1. Eh? What are GROUPING SET, CUBE and ROLLUP in SQL?

CUBE, ROLLUP and GROUPING SET are optional operators of the GROUP BY clause of the SELECT statement for doing reports with large amounts of information. They allow you to do several GROUP BY operations in one statement, potentially saving a lot of time and computational effort. They can provide all the information needed for reporting, including totals, whilst giving good performance over large tables, and helping the Query Optimiser devise a good execution plan.

The extra ‘super-aggregate’ rows provide summary values, thereby allowing you to have several ‘aggregations’ such as SUM() or MAX() within the one result. The NULLs within these rows in the result are intended to mean ‘all’ rather than ‘unknown’. It allows you to get all the aggregations you need in one pass through the table. Because of the presence of extra rows in the results, extra functions GROUPING() and GROUPING_ID() are provided to indicate these extra ‘super-aggregate’ rows, and which columns are being aggregated.

This makes a great deal of sense if you have an application that needs to run several reports without extra computation or without going back to the database: You have everything you need in one result.

Take this standard example of a ROLLUP (I’m using AdventureWorks 2012 here)..

SELECT t.[Group] AS region, t.name AS territory, sum(TotalDue) AS revenue,

datepart(yyyy, OrderDate) AS [year], datepart(mm, OrderDate) AS [month]

FROM Sales.SalesOrderHeader s

INNER JOIN Sales.SalesTerritory T ON s.TerritoryID = T.TerritoryID

GROUP BY t.[Group], t.name, datepart(yyyy, OrderDate), datepart(mm, OrderDate)

WITH ROLLUP

As well as the simple GROUP BY aggregate rows, with the total due for each month, that you’d get with a simple grouping, you also get subtotal or super-aggregate rows, and also a grand total row. (here is the beginning of the result)

That NULL I’ve highlit means that the row is an aggregate for ‘all’ months of 2005 in France (part of Europe region)

As well as all this, you get the total due for each year, for each territory and territorial group, as well as the full total due. (from the end)

Those NULLs mean ‘All’, remember. The last row is the grand total, and above it is the total for the pacific region. Above that is Australia’s contribution to the pacific region. The fourth row from the bottom is Australia’s 2008 contribution.
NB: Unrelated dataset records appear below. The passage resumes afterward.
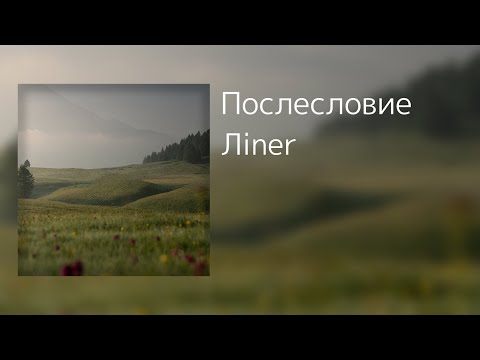 Лiner - Послесловие видео (клип)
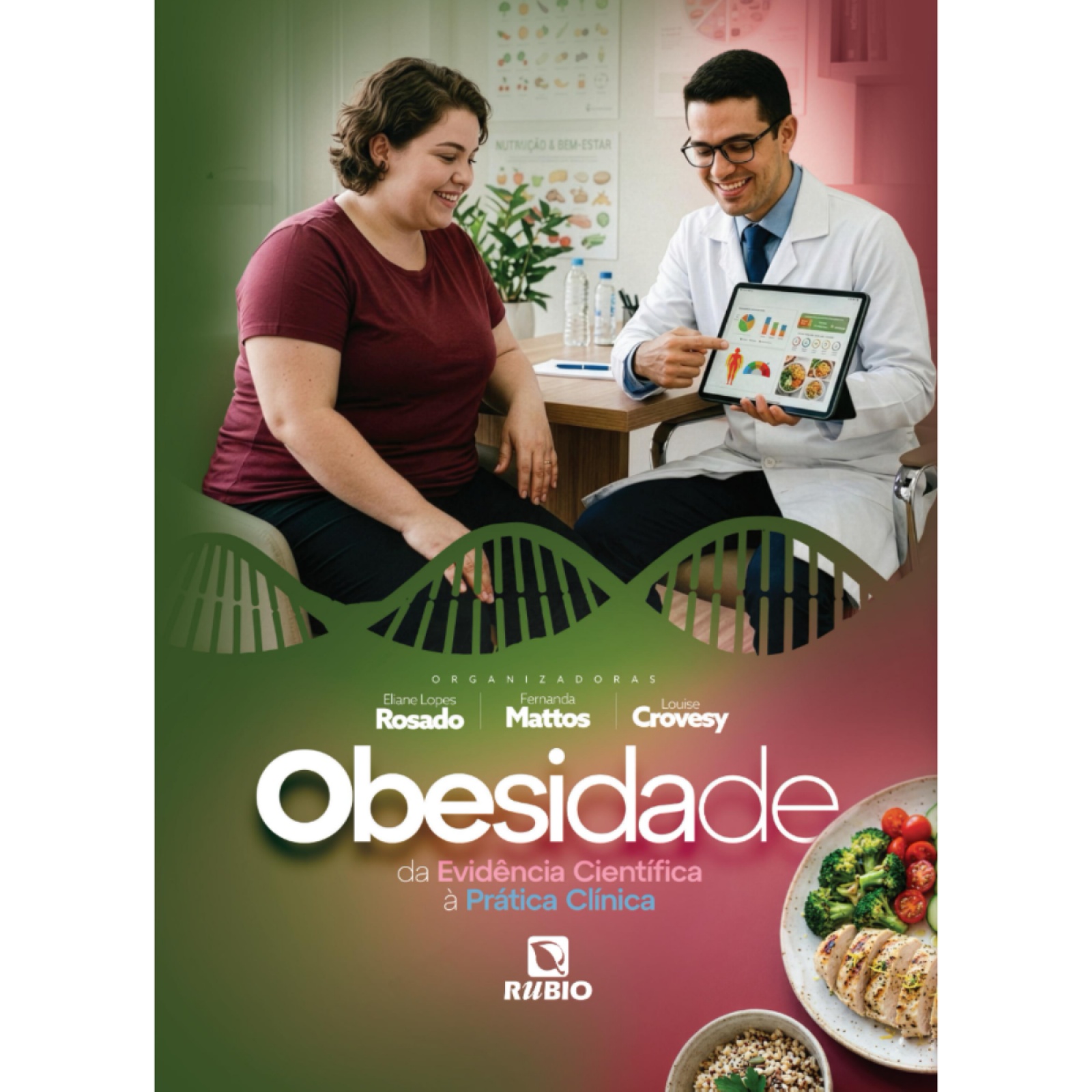 Obesidade Da Evidência Científica À Prática Clínica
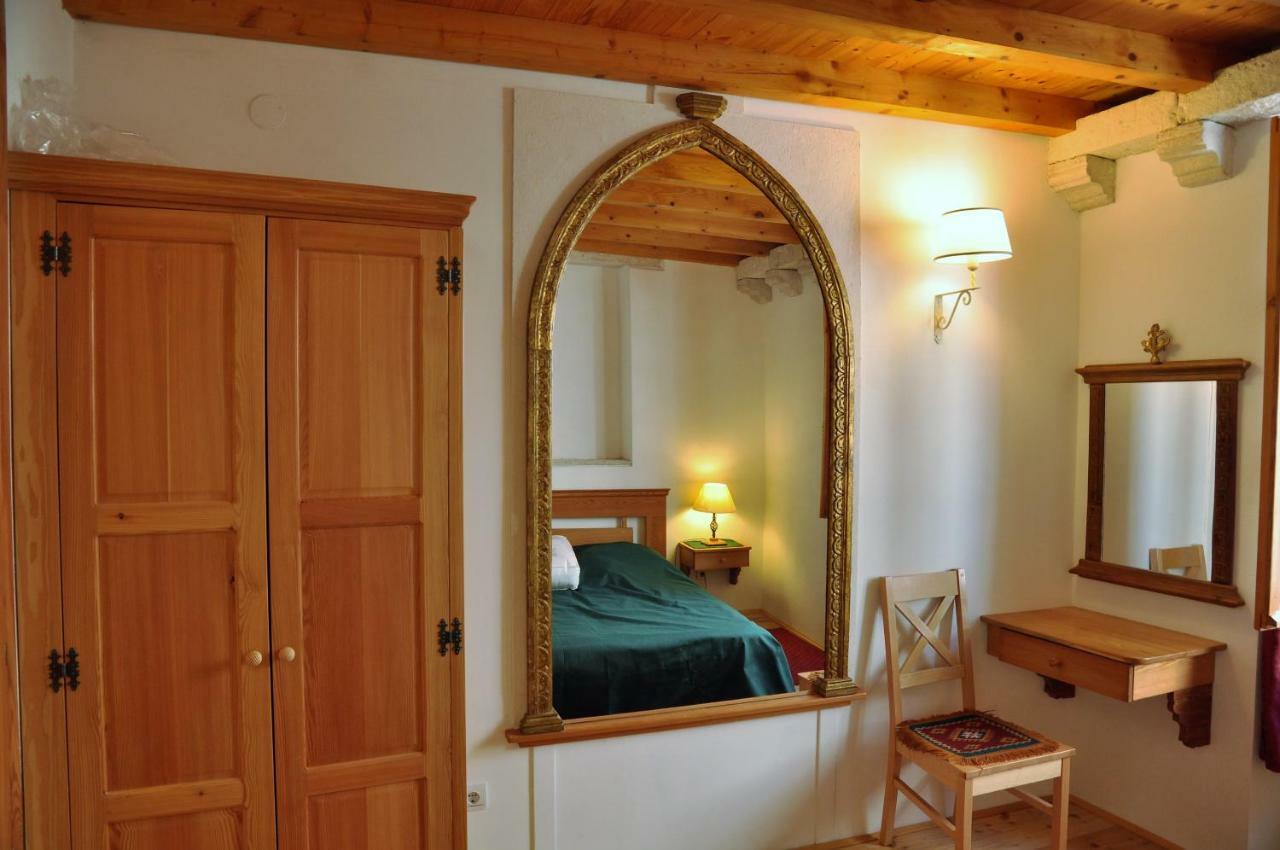 Apartment 코츌라 외부 사진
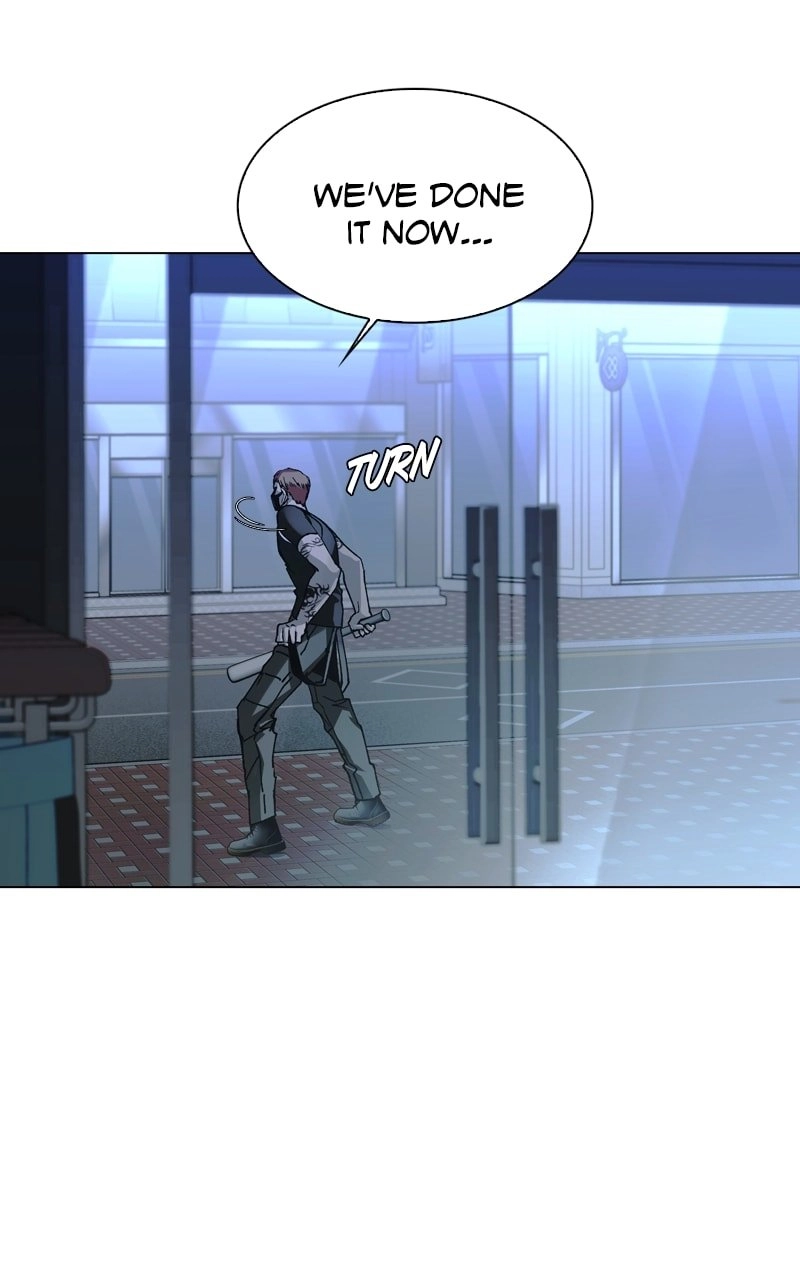 The End is a Game to Me Chapter 25 Page 97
The number of groupings that is returned is one more than the number of expressions in the composite element list provided to the GROUP BY statement.

To get the same effect without using a rollup, you’d need to do something like this (AdventureWorks2012)

;

WITH myGrouping ( region, territory, totalDue, [year], [month] )

AS ( SELECT t.[Group], t.name, sum(TotalDue) AS revenue,

datepart(yyyy, OrderDate) AS [year], datepart(mm, OrderDate) AS [month]

FROM Sales.SalesOrderHeader s

INNER JOIN Sales.SalesTerritory T ON s.TerritoryID = T.TerritoryID

GROUP BY t.name, t.[Group], datepart(yyyy, OrderDate), datepart(mm, OrderDate))

SELECT Region, territory, totalDue, [year], [month]

FROM myGrouping

UNION ALL

SELECT Region, territory, sum(totalDue), [year], NULL

FROM myGrouping GROUP BY Region, territory, [year]

UNION ALL

SELECT Region, territory, sum(totalDue), NULL, NULL

FROM myGrouping GROUP BY Region, territory

UNION ALL

SELECT Region, NULL, sum(totalDue), NULL, NULL

FROM myGrouping GROUP BY Region

UNION ALL

SELECT NULL, NULL, sum(totalDue), NULL, NULL

FROM myGrouping

Which is a lot more expensive in CPU and I/O. Note that the standard syntax of the GROUP BY clause in recent versions is

1 2	... 'GROUPBY ROLLUP (t.[Group],t.name,datepart(yyyy,OrderDate),datepart(mm,OrderDate))'

This new syntax allows you some extra functionality. Remember too that the column order affects the output groupings of ROLLUP and can affect the number of rows in the result set.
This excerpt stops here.